> [ABOUT THIS TASK] Starting at the line that contains "2 Piece Khaddar Suit (Pret) - Image 2", write out each line through the end of the data below, exactly as it stands. Skip any pictures.

--- SUPPLIED MATERIAL Enclosed Below ---

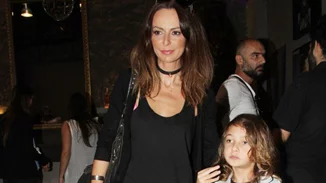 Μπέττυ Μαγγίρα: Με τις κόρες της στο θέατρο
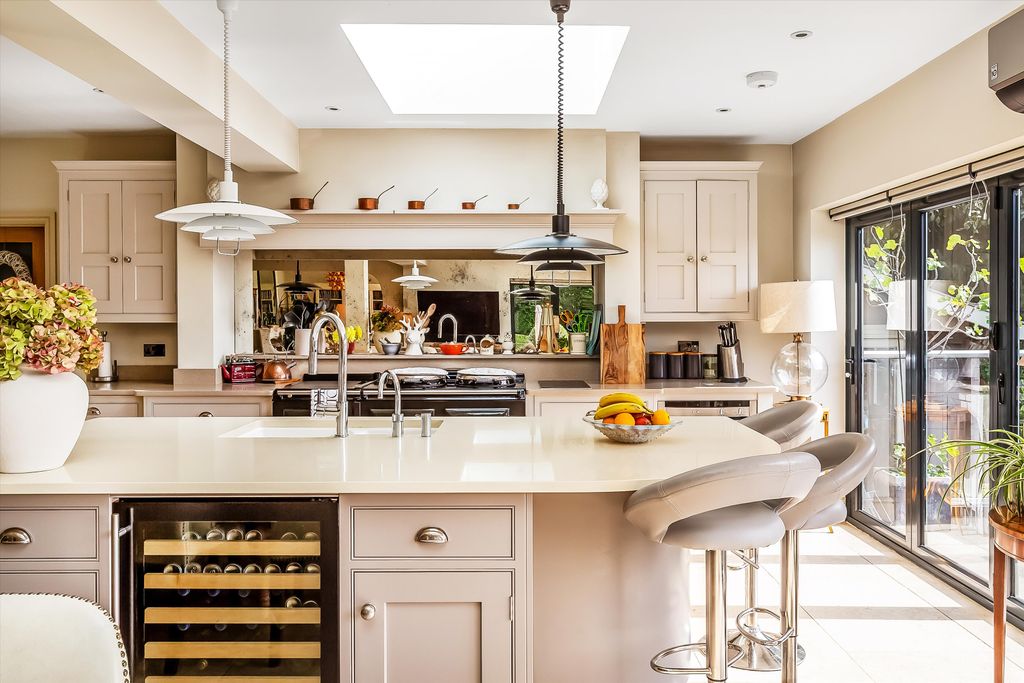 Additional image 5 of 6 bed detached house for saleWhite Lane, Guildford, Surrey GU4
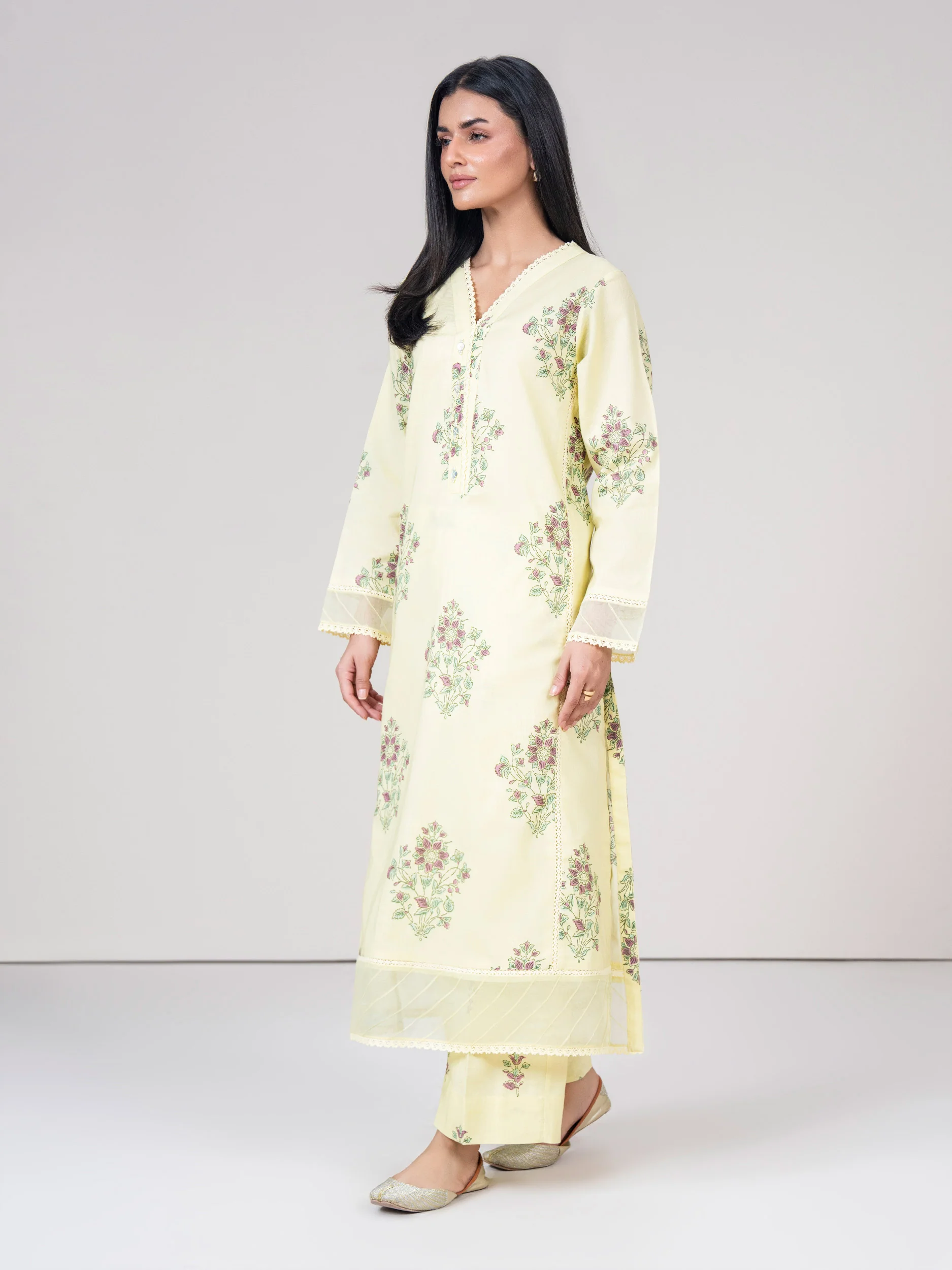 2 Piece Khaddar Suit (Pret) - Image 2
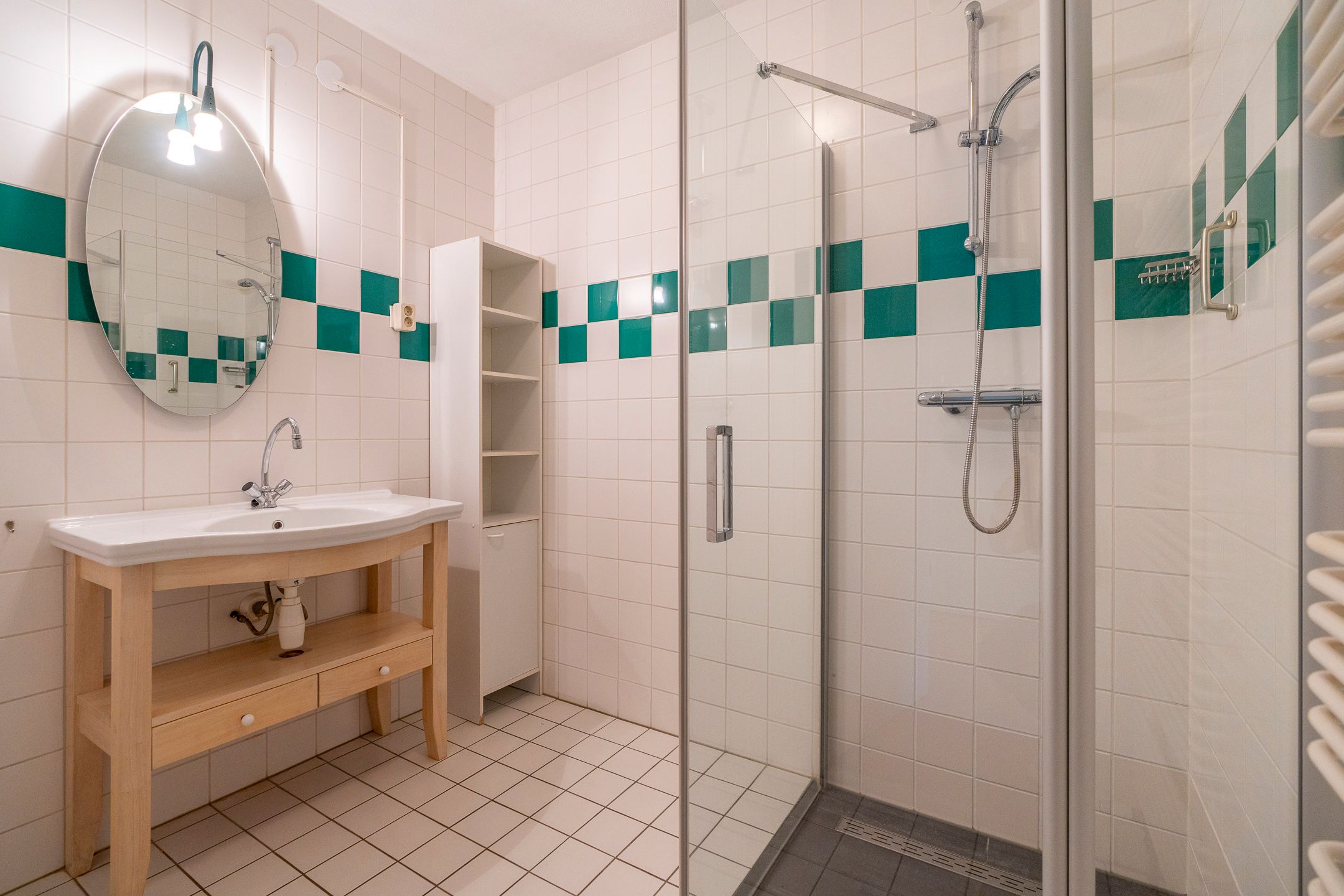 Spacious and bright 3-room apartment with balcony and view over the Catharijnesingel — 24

--- End of Enclosed SUPPLIED MATERIAL ---

> [ANSWER SPACE]
 2 Piece Khaddar Suit (Pret) - Image 2
 Spacious and bright 3-room apartment with balcony and view over the Catharijnesingel — 24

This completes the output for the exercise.